Published January 11th, 2018 at 6:05 AM3 minute read
If you turn on commercial radio or check the pop Billboard charts, you’ll see any number of performers who represent themselves as hip-hop artists. But many of them offer only a carefully-crafted street image and a few stanzas mumbled over (usually poorly produced) beats. If you look a bit closer, you may find that the majority of the modern hip-hop landscape is a pathetic shadow of the real body of talent that exists today.
Fortunately, in a few shadowy clubs, warehouses and venues around the world, one of the last standing pillars of hip-hop culture is being honorably and painstakingly kept alive: the rap battle.
And this Sunday, at the Riot Room, The Connects, Kansas City’s rap battle flag-bearers, will put some of that talent on stage for Crucial Conflict 3: Money Time – where some of KC’s best battle rappers will be pitted against a host of out-of-town opponents.
Jarvis Jones, who helps organize and host The Connects’ events, remembers battle rap’s humble beginnings – when the street corner beat battles were how rappers made a name for themselves and battling had a way of weeding out the type of music you hear on the radio these days.
“Back then you had to battle to get a [record] deal. Can you imagine if that was still the game now?” Jones said. “If the music was real whack, we wouldn’t ever hear it. Nowadays, the money is just given to them. And none of these modern rappers would take the risk to battle, because if they lose, they could lose their credibility.”
The format for the modern rap battles is a little different than the beat-backed freestyles portrayed in “8 Mile” and MTV’s “Wild N’ Out”. Now, battle raps are acapella and typically follow a three-round format, with the rappers trading rounds.

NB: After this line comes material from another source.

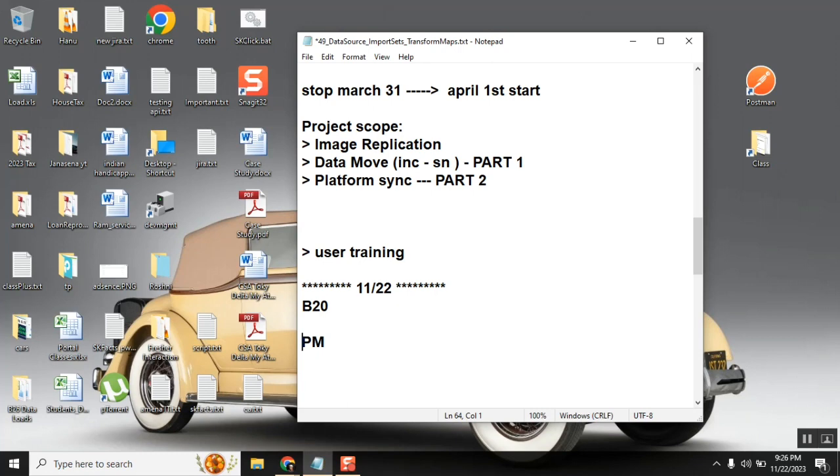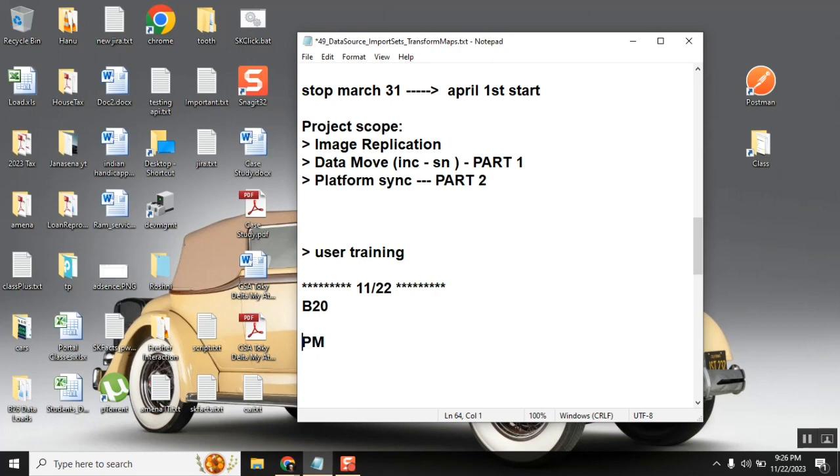Again she got another project. It's not related to core ServiceNow but touching ServiceNow. She was a PM for that also and it went well. The project was implemented by KPMG offshore and she was doing PM from onsite.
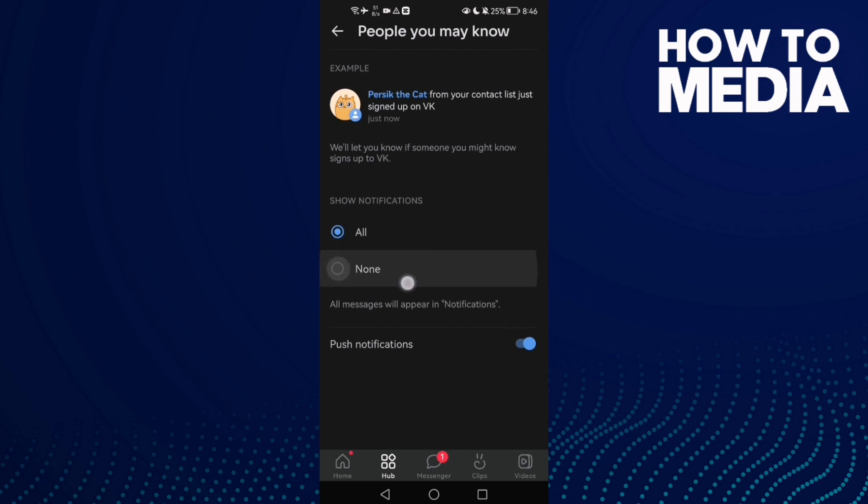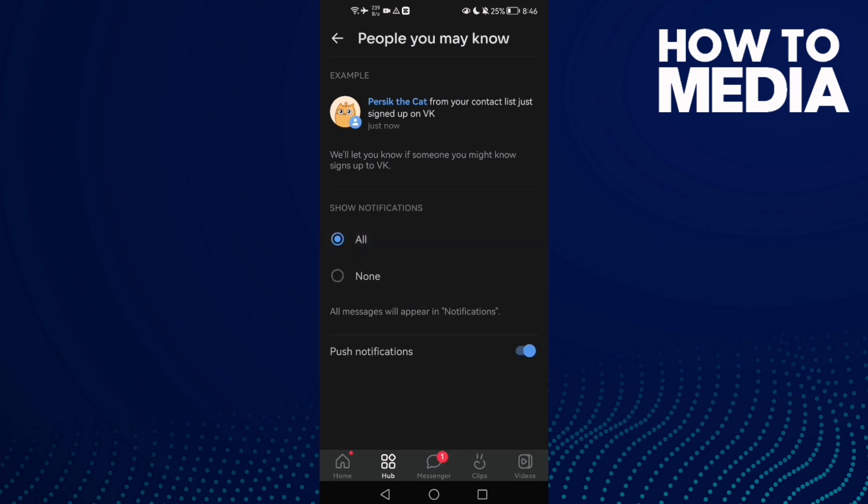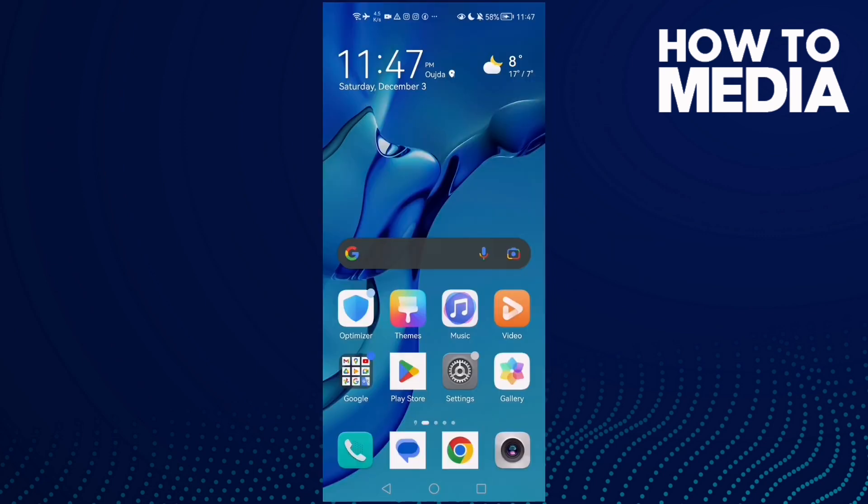And that's it. Here you can manage people you might know notification settings. You can hide it or show it, and you can turn off or on push notifications.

In content, battle rapping is not too dissimilar from a hip-hop track. Battle rappers similarly boast about fame, success and strength. But a rapper’s real talent comes through in the writing, or “pen”, and employing a dizzying array of creative rhymes, jokes, schemes, metaphors and wordplay. The best rappers use information about their opponents against them. Still, even after the insults and barbs, each bout ends with a handshake and a hug as a mutual sign of respect.
Most of the Connects’ battle rap catalog lives on, courtesy of YouTube – where it can be mesmerizing to watch the politics and protocol of each battle. Many times, a battle has layers and themes that can only be understood through multiple views. Case in point: the scheme put together in this round by A.Ward, one of the city’s brightest rising stars.

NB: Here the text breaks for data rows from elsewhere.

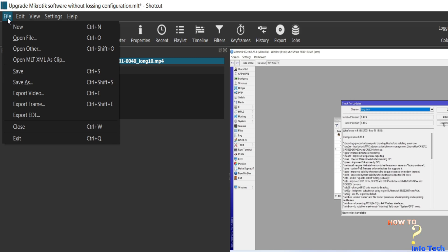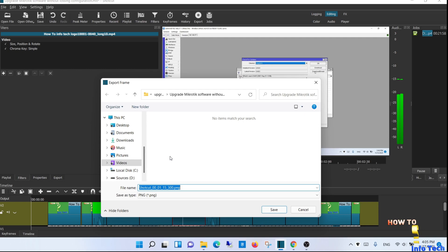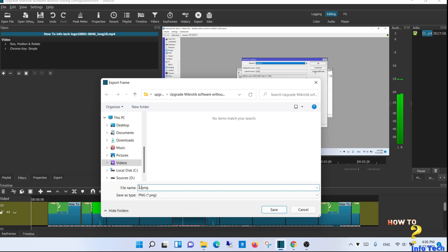From the file menu, export frame. Name it as you want, and save. It is very simple.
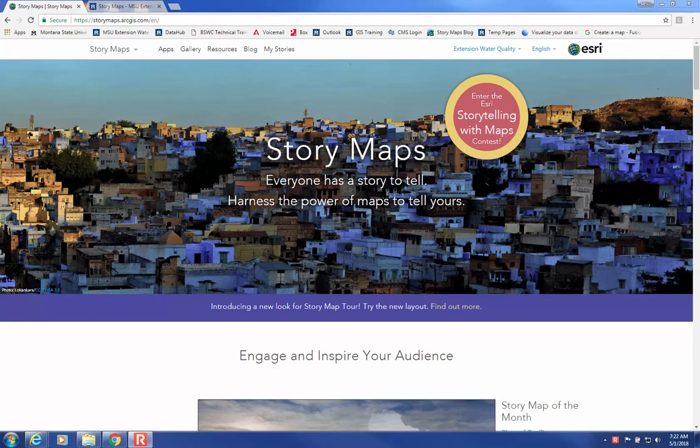This video will guide you through how to add an ArcGIS Online map to an immersive section of a Cascade Story Map.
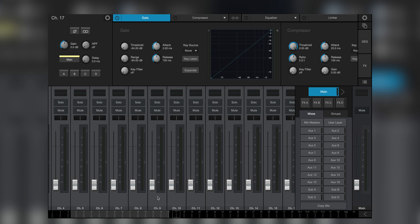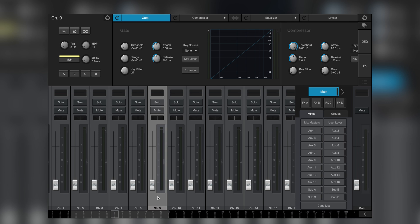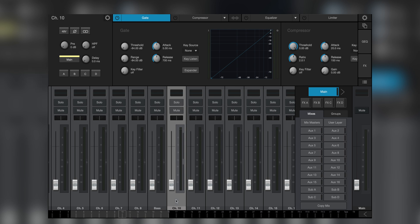When naming channels in Universal Control, one way to do it is to click the channel's fader, which highlights it, then click the name up at the top left of the window and rename the channel. Then click on the next channel's fader and so on.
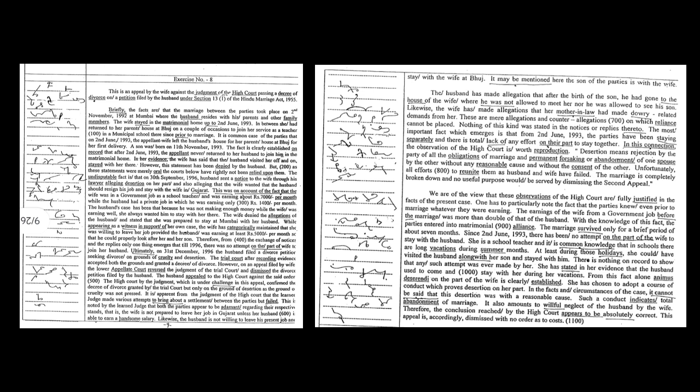The trial court after recording evidence accepted both the grounds and granted a decree of divorce. However, on an appeal filed by wife, the lower appellate court reversed the judgment of the trial court and dismissed the divorce petition filed by the husband. The husband appealed to the high court against the said order. The high court by the judgment which is under challenge in this appeal confirmed the decree of divorce granted by the trial court, but only on the ground of desertion as the ground of cruelty was not passed.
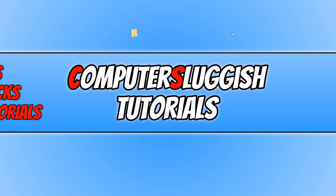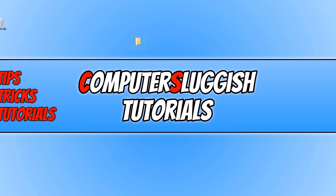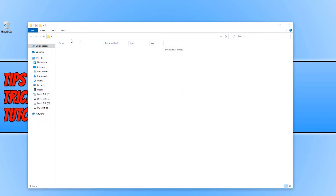And there we go. As you can see I now have a folder without a name. And if I open up that folder you can see in the address bar at the top there's no name, which is good.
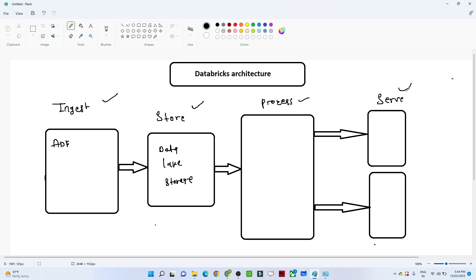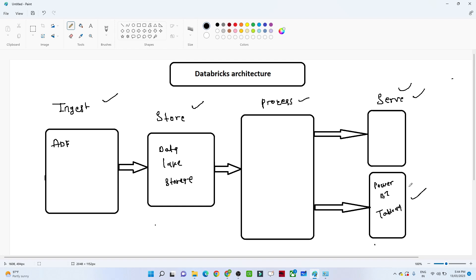In the serve step, your stakeholders want a final report to analyze their business — they want the final report in the form of visualization. So suppose you have to give a Power BI report or a Tableau report, that is the final step where we are doing the serving in the form of visualization.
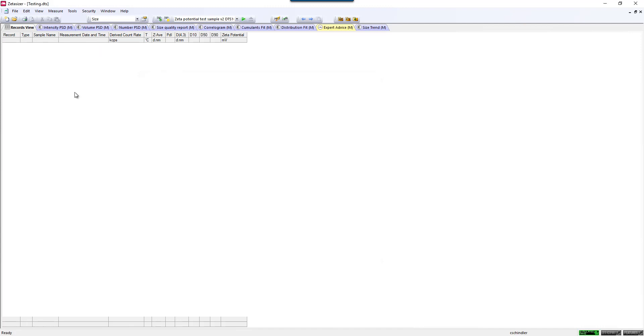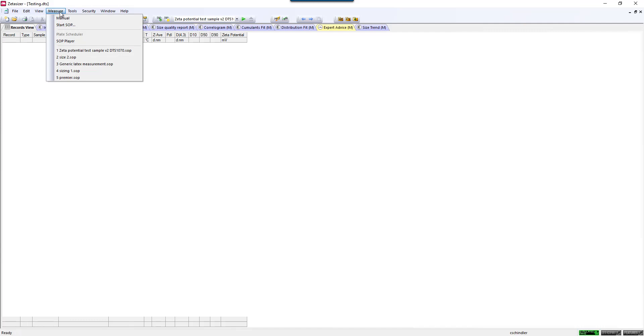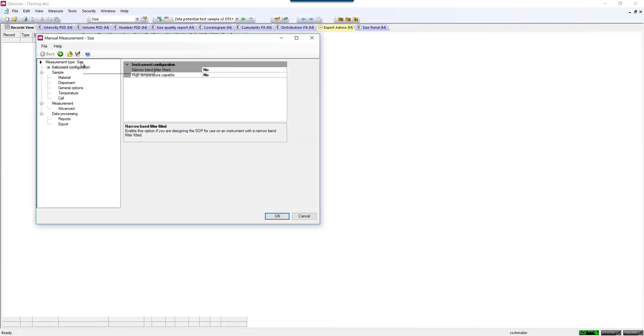To write your own Zeta Potential SOP, you can go to Measure, Manual, and then select the measurement type. In this case, we would be making a Zeta Potential measurement.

Ward, 32, who will battle in the main event on this weekend’s card, went from spectator to competitor in 2015. Originally from Tennessee, Ward moved to Kansas City to attend Kansas Christian College, where he studied youth ministries and played basketball. He made a name for himself on the scene by trading bars with the performers outside of Connect events before he decided to jump in the ring himself.
Now, his videos have the highest view counts on the Connects YouTube channel. He also has a host of upcoming international battles, earned a spot trading rounds with one of the industry’s legends and became a regular at King of the Dot, a prestigious Toronto-based battle league.
And he does it all without cursing or glorifying violence, while at the same time promoting a faith-based message. In fact, Ward sees battling itself as a type of ministry. But that doesn’t mean he pulls punches.
“I have to think of creative ways to attack my opponent without demoralizing his character,” Ward said. “At the end of the day if I say something that’s on footage that could really turn somebody off to what I stand for, then everything I’ve done is in vain. But I want to win. Steph Curry is a Christian, but if he crosses you up, he still might look at you and laugh.”
For a rapper like Ward, battle rap provides an international avenue to communicate his message. Other rappers are looking to network or promote their music. But for a select few, battle rap can be a career – earning them thousands of dollars for a single battle.
Despite breaking a major battle rapper, the Connects isn’t quite there yet. It’s mostly a labor of love for its co-founders, Chapo Escobar and Art Pecina.
“It’s about the love of the culture,” Escobar said. “I don’t know exactly what that love is. Maybe it’s just helping each other out. I know what struggle is. I just got out of prison, so I know how it feels to want to have something in your life to keep you from going down that road again. So those rappers’ love and motivation is what keeps me going.”
For many years, hip-hop was sensationalized for all of the wrong reasons, and now the artists that dominate the business are famous for all the wrong reasons. But in its purest form, hip-hop has the power to change lives, motivate and inspire. And looking at the battle rap scene in KC, it’s comforting to know that these folks are out there still battling for the culture.